Esattamente il testo recita: “Noi riteniamo che sono per sé stesse evidenti queste verità: che tutti gli uomini sono creati eguali; che essi sono dal Creatore dotati di certi inalienabili diritti, che tra questi diritti sono la Vita, la Libertà, e il perseguimento della Felicità;…”.
Già da una attenta lettura del testo peraltro si evince che non è proprio così perché non sta scritto che gli uomini hanno il diritto alla felicità, ma che hanno il diritto al perseguimento della felicità.
Questo ” diritto al perseguimento” sta alla base del principio liberale e del sogno americano, ma non solo.
Lo stesso motto repubblicano “Liberté, Égalité, Fraternité” non ci consegna uno status di libertà; la libertà è sempre stata intesa nel senso che il ricco rimaneva ricco e che il povero, se intraprendente, poteva sulla carta diventare ricco.
Così ci raccontava peraltro a suo tempo anche Norberto Bobbio.
Io non sapevo all’epoca che il termine “perseguimento” venne ispirato ai compilatori della Dichiarazione di indipendenza dal filosofo tedesco Christian Wolff che usa spesso appunto il verbo latino “promovere“.
Officia humanitatis sunt officia erga alios, quibus eorum perfectio, consequenter felicitas promovetur (I doveri degli uomini si esplicano nei confronti degli altri e dal loro raggiungimento consegue la promozione della felicità).
Come si può agevolmente capire il pensiero di Wolff era un po’ diverso dai suoi sviluppi: la felicità era vista come una naturale conseguenza delle nostre azioni virtuose, ma non come il fine.
Costitutivi del diritto naturale sono per Wolff i doveri degli uomini. Non esiste un diritto alla felicità come diritto naturale, ma un dovere di rendere felici gli altri e da questo dovere discende la nostra felicità.
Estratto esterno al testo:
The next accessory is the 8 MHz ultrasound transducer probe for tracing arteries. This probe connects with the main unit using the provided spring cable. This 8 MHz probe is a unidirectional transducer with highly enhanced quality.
E chi promuove la felicità altrui, promuove anche la perfezione altrui (Quoniam qui aliorum felicitatem promovet, eorundem perfectionem promovet).
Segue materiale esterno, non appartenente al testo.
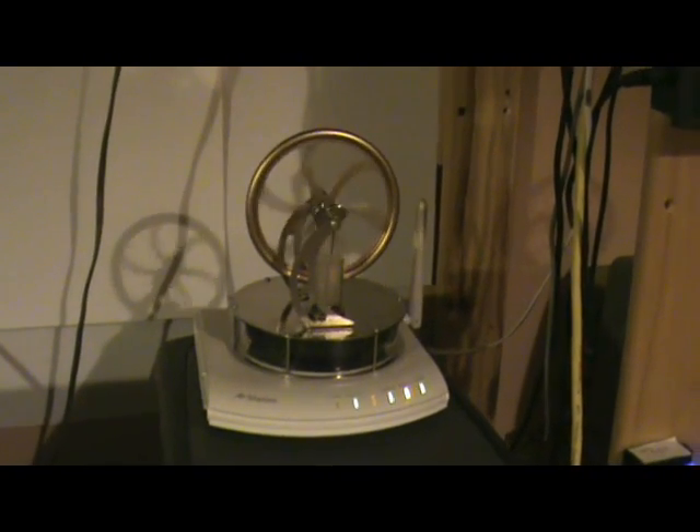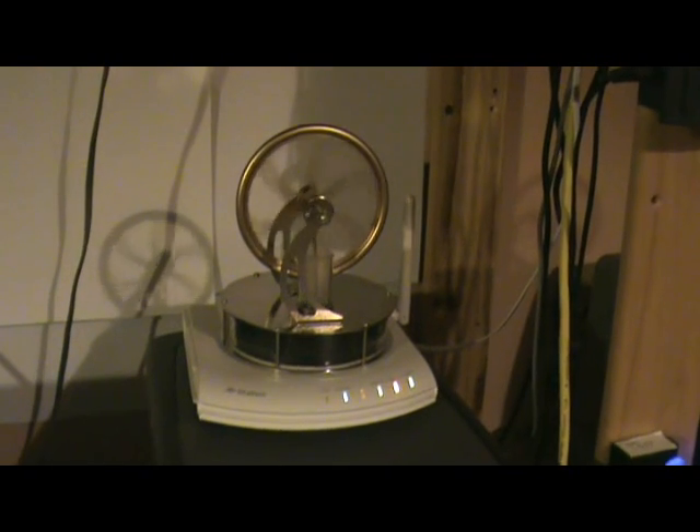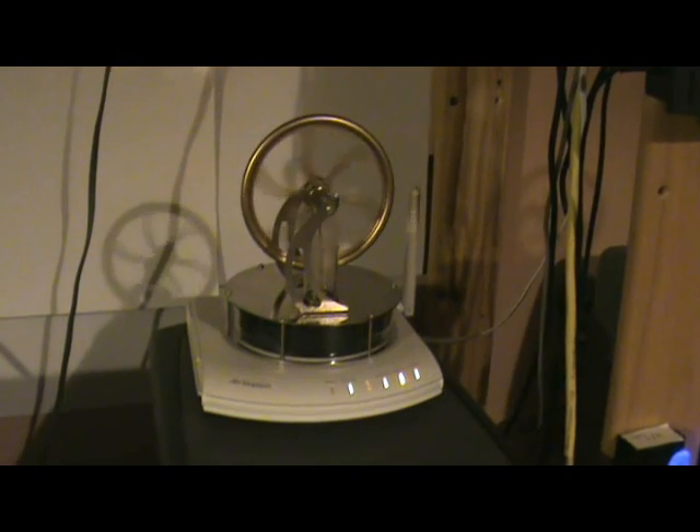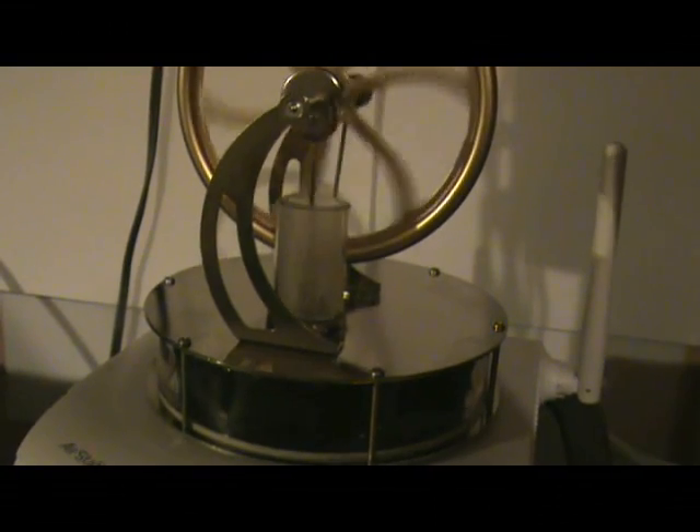Here's a newly acquired low-temperature Stirling engine sitting on top of my router, which is just warm enough to keep it going. There's a nice glass cylinder and piston, and there's the displacement piston.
Wolff ha chiaro il concetto che gli uomini sono felici quando sono destinatari dei beni materiali e di quelli che dispensa il caso (Bona corporis et fortunae ad felicitatem hominis quid conferunt), ma avverte pure che se non sono uniti alla virtù non valgono alcunché (Bona corporis et fortunae non parunt existimationem, honorem ac laudem, nisi quatenus concursu virtutum…).